Monday, 11 June 2007

zodiac [dir david fincher]

My friends saw Zodiac at the Ritzy. Approximately two hours in, the projector broke. The film had to be abandoned. People were fuming. My friend told me that one member of the audience shouted: I don't want a refund, just tell me who's the Zodiac!

You can understand the frustration. After about two hours of this two and a half hour film this really did seem to be the only reason left for watching to the end. The most charismatic character had shuffled off an age ago to become a drunkard on a boat; the obsessive cartoonist's marriage was done; the copper was already a has been. All this and we were still a good twenty minutes from discovering the identity of the killer.

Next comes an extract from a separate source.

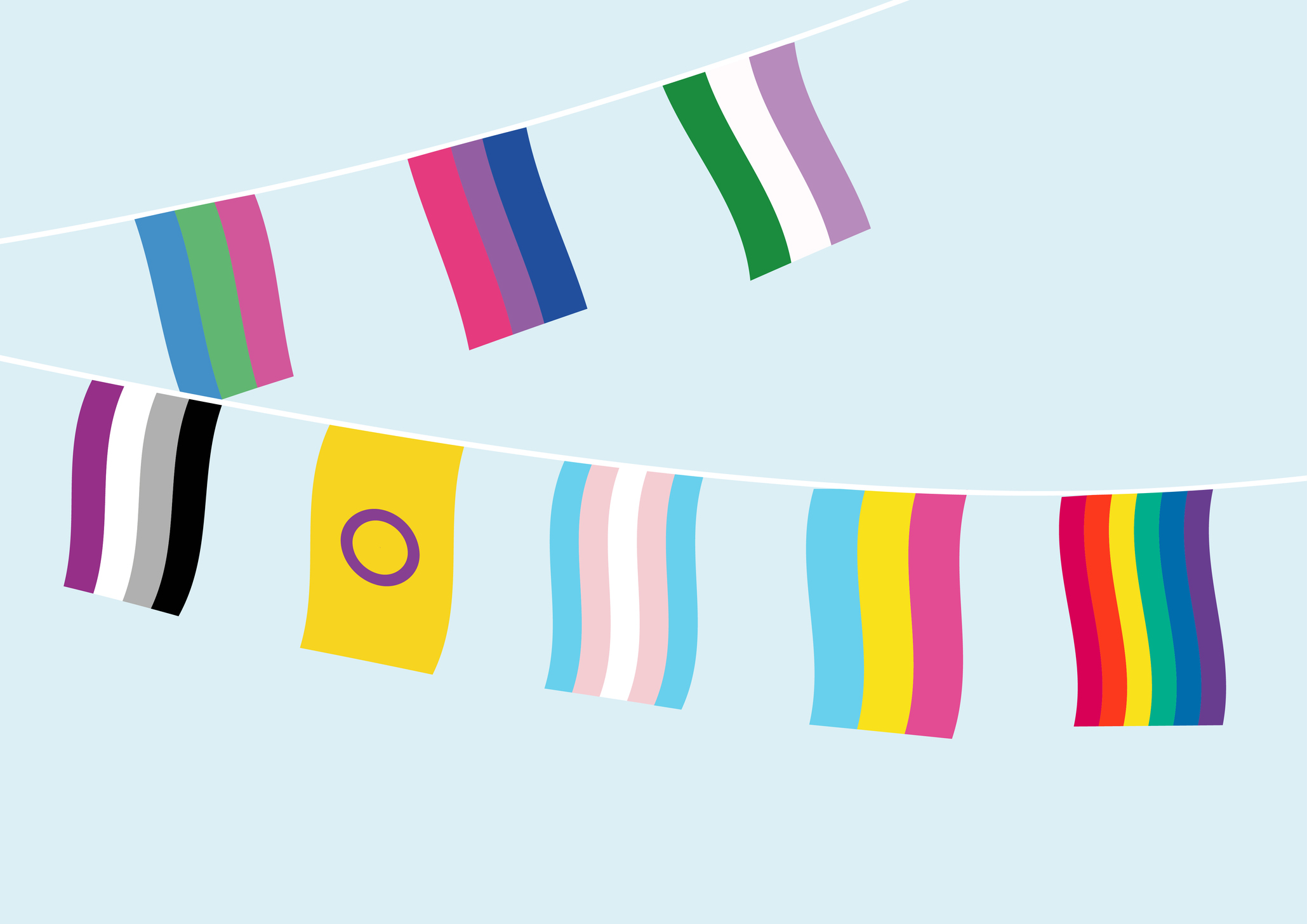Flags LGBTQIA. Pride month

Which kind of explains why, worthy, intelligent, and well-made though it may be, Zodiac fails to follow in the footsteps of Fincher's finest work. There are too many protagonists. It's a movie that can't seem to decide whose movie it is. It seems as though Jake Gyllenhaal's cartoonist should be the epicentre of the action, but his journey is constantly interrupted by the cops and the pressmen and the red herrings.

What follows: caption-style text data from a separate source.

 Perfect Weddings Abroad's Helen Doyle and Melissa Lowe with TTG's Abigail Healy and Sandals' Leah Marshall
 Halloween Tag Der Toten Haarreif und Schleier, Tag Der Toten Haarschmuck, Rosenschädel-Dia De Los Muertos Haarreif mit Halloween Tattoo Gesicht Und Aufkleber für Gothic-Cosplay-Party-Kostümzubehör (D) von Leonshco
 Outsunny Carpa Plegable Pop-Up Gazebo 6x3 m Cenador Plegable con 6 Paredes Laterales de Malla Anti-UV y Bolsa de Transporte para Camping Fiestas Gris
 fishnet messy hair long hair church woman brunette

All of which also takes a long time to tell. Zodiac is never quite dull, but it's hardly gripping either. I saw it on a wet Sunday afternoon in Fulham, which seems about right. It contains time, rather than absorbing it. The problem lies in the script. It's adapted from Robert Graysmith's books on the Zodiac. Graysmith is the obsessive cartoonist played by Gyllenhaal in the movie. But where literature can freely skate across timeframes and societal change, cinema often struggles. The screenplay seems to want to keep it all in, and the movie seems over-extended as a result. It can't contain the changes that occur in the various characters' lives. After two hours, all's that's left is the question the film begins with: Who is the Zodiac?